Top of Records for the task

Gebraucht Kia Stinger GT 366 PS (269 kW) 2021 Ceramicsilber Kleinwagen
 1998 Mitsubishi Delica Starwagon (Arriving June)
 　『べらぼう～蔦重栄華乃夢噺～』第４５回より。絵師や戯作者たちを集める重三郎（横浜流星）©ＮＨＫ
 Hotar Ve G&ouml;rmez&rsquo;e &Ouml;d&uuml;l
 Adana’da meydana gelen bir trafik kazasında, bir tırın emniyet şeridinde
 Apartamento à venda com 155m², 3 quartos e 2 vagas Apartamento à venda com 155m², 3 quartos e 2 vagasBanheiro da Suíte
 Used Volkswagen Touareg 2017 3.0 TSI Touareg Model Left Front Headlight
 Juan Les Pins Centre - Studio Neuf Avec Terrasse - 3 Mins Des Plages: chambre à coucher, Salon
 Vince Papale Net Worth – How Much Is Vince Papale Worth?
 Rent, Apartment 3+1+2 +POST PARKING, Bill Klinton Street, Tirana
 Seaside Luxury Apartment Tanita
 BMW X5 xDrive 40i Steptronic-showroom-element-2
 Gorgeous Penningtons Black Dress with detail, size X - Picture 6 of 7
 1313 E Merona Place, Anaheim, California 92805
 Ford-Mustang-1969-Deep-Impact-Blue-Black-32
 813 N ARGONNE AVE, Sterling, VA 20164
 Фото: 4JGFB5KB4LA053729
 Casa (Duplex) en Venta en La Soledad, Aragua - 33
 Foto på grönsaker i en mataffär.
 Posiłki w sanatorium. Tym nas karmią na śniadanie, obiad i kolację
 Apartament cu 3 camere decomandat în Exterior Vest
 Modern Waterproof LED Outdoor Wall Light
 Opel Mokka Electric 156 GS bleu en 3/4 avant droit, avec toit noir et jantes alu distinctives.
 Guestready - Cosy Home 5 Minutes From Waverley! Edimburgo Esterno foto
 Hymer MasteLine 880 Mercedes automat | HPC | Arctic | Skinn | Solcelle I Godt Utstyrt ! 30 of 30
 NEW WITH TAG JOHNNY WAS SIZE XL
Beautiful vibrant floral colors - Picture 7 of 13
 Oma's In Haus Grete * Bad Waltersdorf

Bottom of Records for the task

Exercise directions:
Only the lines from the one with "Guestready - Cosy" through the end of the records above are to be copied, exactly as written.

Answer to the problem:
 Guestready - Cosy Home 5 Minutes From Waverley! Edimburgo Esterno foto
 Hymer MasteLine 880 Mercedes automat | HPC | Arctic | Skinn | Solcelle I Godt Utstyrt ! 30 of 30
 NEW WITH TAG JOHNNY WAS SIZE XL
Beautiful vibrant floral colors - Picture 7 of 13
 Oma's In Haus Grete * Bad Waltersdorf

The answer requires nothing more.